Hay una cosmovisión cristiana inspirada en el Evangelio que se ha proyectado en las instituciones, las normatividades, la política, el pensamiento, el arte, la literatura, la arquitectura, la ciencia, la educación, las costumbres y, en fin, la vida cotidiana de muchos pueblos.

Aunque ahora se pretende ignorarla, demeritarla y hasta erradicarla, ahí está aún vigente y dando muestras de su fuerza civilizadora. No se puede negar, sin embargo, que es una cosmovisión que postula un ideal no realizado y quizás irrealizable, pues se trata nada menos que de hacer que venga a nosotros el Reino de Dios, que no es de este mundo. Es un ideal que postula que es necesario superar nuestra naturaleza en aras de la trascendencia del espíritu. Puede haber sociedades que acerquen más unas que otras a su realización, pero de ninguna se puede afirmar, como bien lo dijo Chesterton, que sea auténticamente cristiana.

Paul Ricoeur ha dicho que toda civilización surge de un impulso hacia lo alto. Y las de más elevadas miras, pero también las más difíciles, son precisamente las que se inspiran en la cosmovisión cristiana.

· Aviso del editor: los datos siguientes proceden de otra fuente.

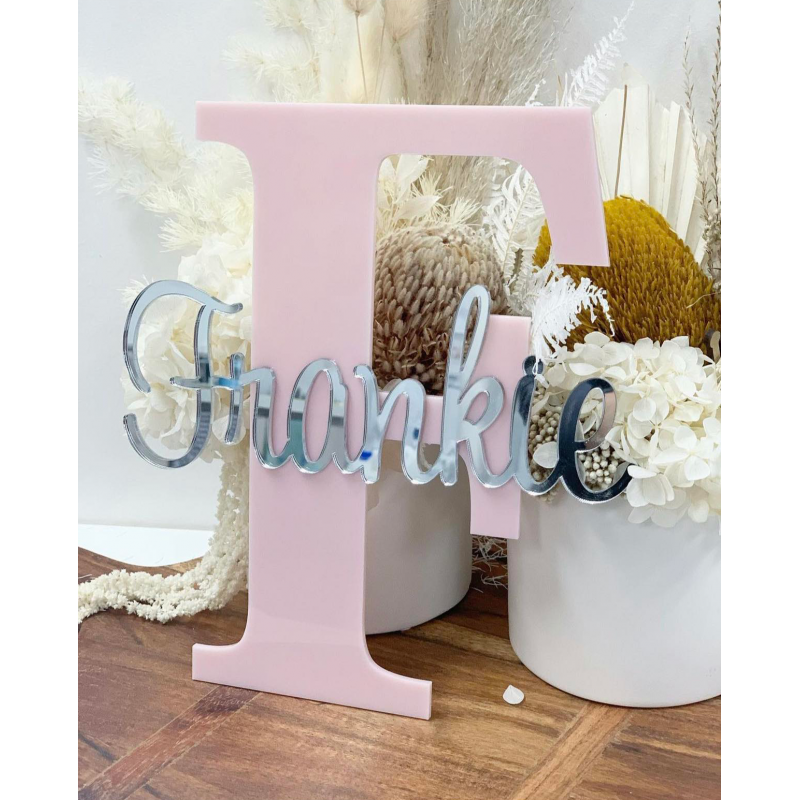 CUSTOM - Wall Letter With Name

En otra ocasión me he preguntado sobre lo que sucedería si en la vida colectiva desaparecieran del todo los valores que promueve el cristianismo. Por ejemplo, ¿qué sería de la fecunda idea de la dignidad de la persona humana si la desconectásemos de sus raíces evangélicas? ¿Qué pasaría si en las relaciones interpersonales desapareciera el valor de la caridad? ¿Qué sería de cada uno de nosotros si abandonásemos, como reza la entrada al infierno de Dante, toda esperanza? ¿Podemos darle sentido a nuestra vida si perdemos del todo la fe en algo superior a lo que consideramos útil o meramente deleitable? ¿Qué valor tendría nuestra libertad si la desligáramos del amor, asunto del que trata una preciosa conferencia de Gustave Thibon que encontré por casualidad en mis frecuentes navegaciones por la red ? (Vid. http://www.fundacionspeiro.org/verbo/1980/V-189-190-P-1159-1169.pdf)

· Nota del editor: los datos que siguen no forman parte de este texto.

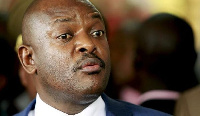 President of Burundi Pierre Nkurunziza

Pero más que a la configuración de las sociedades, el mensaje evangélico se dirige a cada uno de nosotros para ordenar nuestra interioridad y nuestras relaciones interpersonales. Es un mensaje de conversión que nos llama a modificar nuestras actitudes y nuestros comportamientos, así como a relacionarnos amorosamente con nuestro prójimo. De ahí se sigue el mejoramiento de la sociedad: esta cambia para bien en la medida de la transformación de cada uno de nosotros.

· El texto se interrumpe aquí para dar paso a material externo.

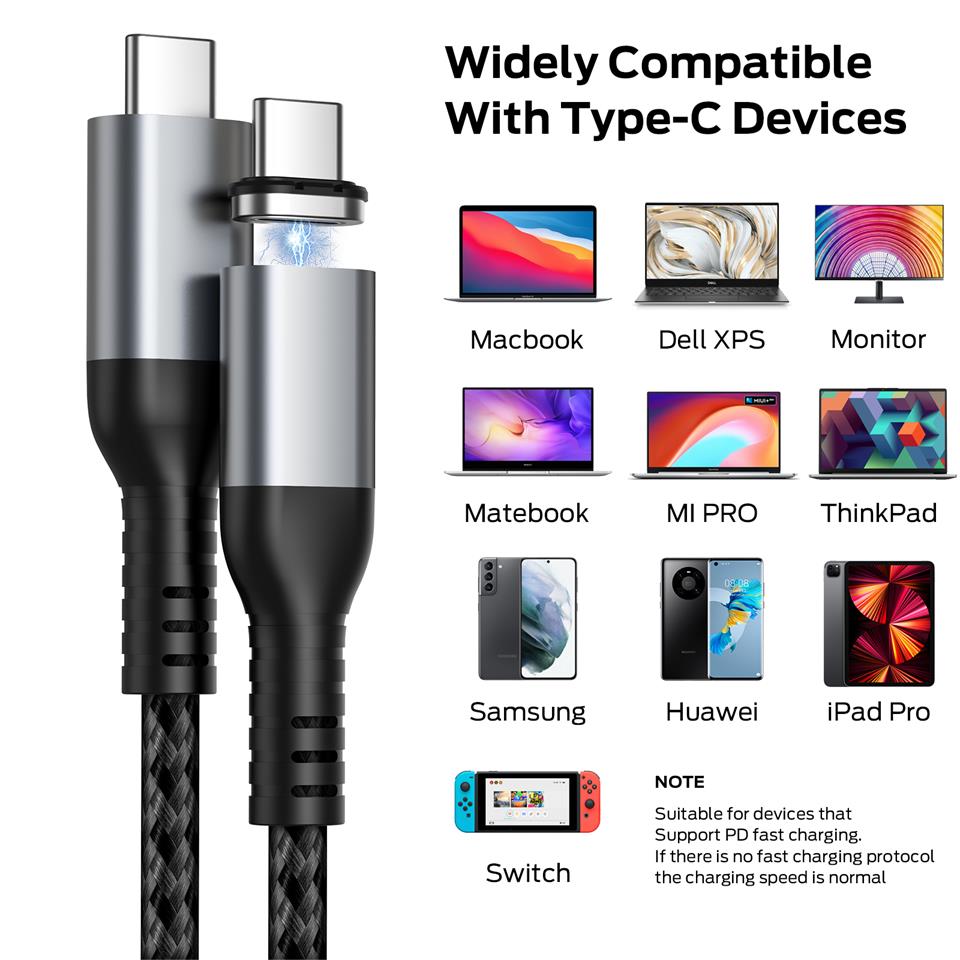 best magnetic usb cable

La edificación del Reino de Dios parte de nuestras disposiciones íntimas y va cobrando forma en nuestra vida de relación a través del ejemplo, la abnegación en el servicio, la ayuda desinteresada a los demás, la cooperación, el desapego a los bienes terrenales, y todo aquello que entraña la idea de la santidad: "Sed perfectos como vuestro Padre celestial es perfecto" (Mt. 5:48).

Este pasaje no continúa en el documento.